Task instructions: Your copy should repeat each record exactly and contain none of the pictures.

Information provided:
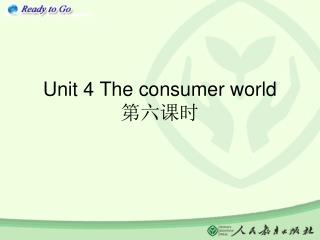 Unit 4 The consumer world 第六课时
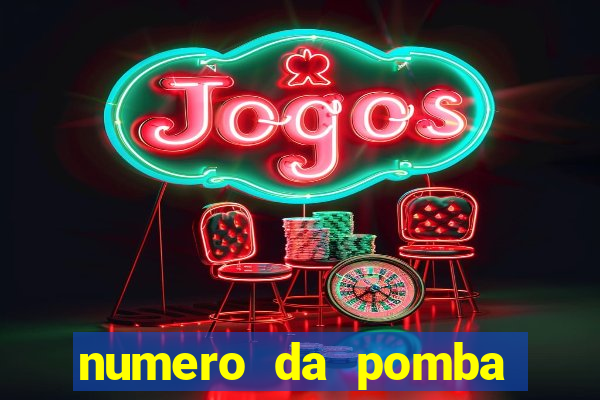 numero da pomba jogo do bicho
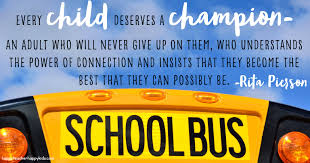 image of a school bus with text of Every child deserves a champion - an adult who will never give up on them, who understandds the power of connection and insists that they become the best that they can possibly be, Rite Pierson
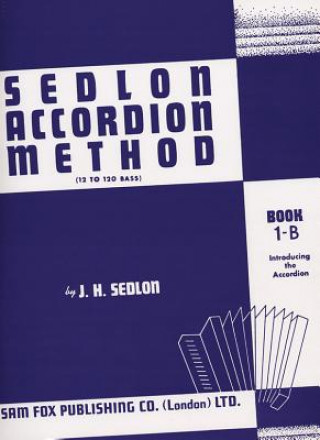 Sedlon Accordion Method Book 1B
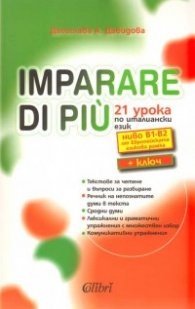 Imparare di piu: 21 урока по италиански език/ Ниво В1-В2 от Европейската езикова рамка + ключ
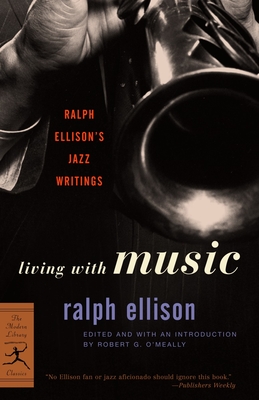 Living with Music: Ralph Ellison's Jazz Writings - Ralph Ellison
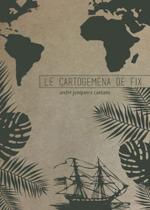 Cartogemena de fix, le - QUIXOTE + DO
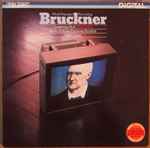 Cover for album: Anton Bruckner, Radio-Sinfonie-Orchester Frankfurt  , Eliahu Inbal – Symphony No. 8 . First Version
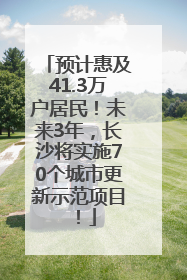 预计惠及41.3万户居民！未来3年，长沙将实施70个城市更新示范项目！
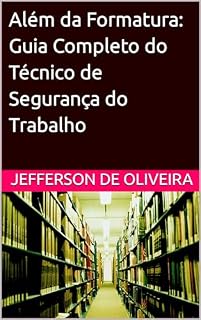 Livro Além da Formatura: Guia Completo do Técnico de Segurança do Trabalho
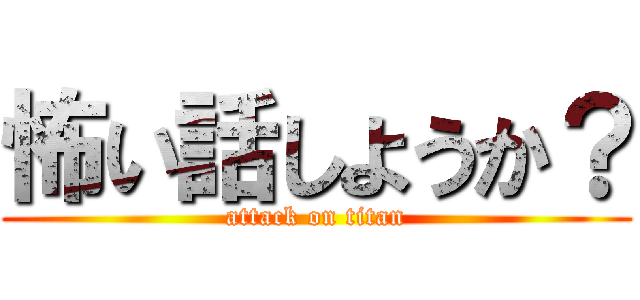 怖い話しようか？ (attack on titan)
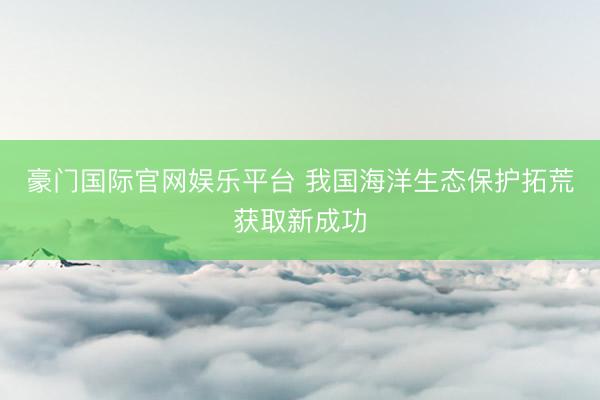 豪门国际官网娱乐平台 我国海洋生态保护拓荒获取新成功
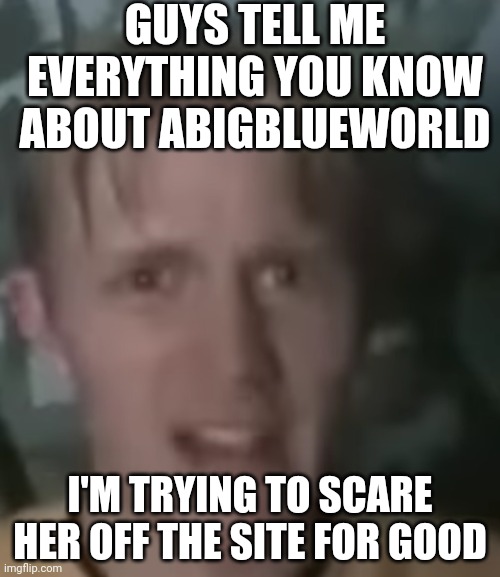 Gimme info | GUYS TELL ME EVERYTHING YOU KNOW ABOUT ABIGBLUEWORLD; I'M TRYING TO SCARE HER OFF THE SITE FOR GOOD | made w/ Imgflip meme maker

Result of the task:
 Unit 4 The consumer world 第六课时
 numero da pomba jogo do bicho
 image of a school bus with text of Every child deserves a champion - an adult who will never give up on them, who understandds the power of connection and insists that they become the best that they can possibly be, Rite Pierson
 Sedlon Accordion Method Book 1B
 Imparare di piu: 21 урока по италиански език/ Ниво В1-В2 от Европейската езикова рамка + ключ
 Living with Music: Ralph Ellison's Jazz Writings - Ralph Ellison
 Cartogemena de fix, le - QUIXOTE + DO
 Cover for album: Anton Bruckner, Radio-Sinfonie-Orchester Frankfurt  , Eliahu Inbal – Symphony No. 8 . First Version
 预计惠及41.3万户居民！未来3年，长沙将实施70个城市更新示范项目！
 Livro Além da Formatura: Guia Completo do Técnico de Segurança do Trabalho
 怖い話しようか？ (attack on titan)
 豪门国际官网娱乐平台 我国海洋生态保护拓荒获取新成功
 Gimme info | GUYS TELL ME EVERYTHING YOU KNOW ABOUT ABIGBLUEWORLD; I'M TRYING TO SCARE HER OFF THE SITE FOR GOOD | made w/ Imgflip meme maker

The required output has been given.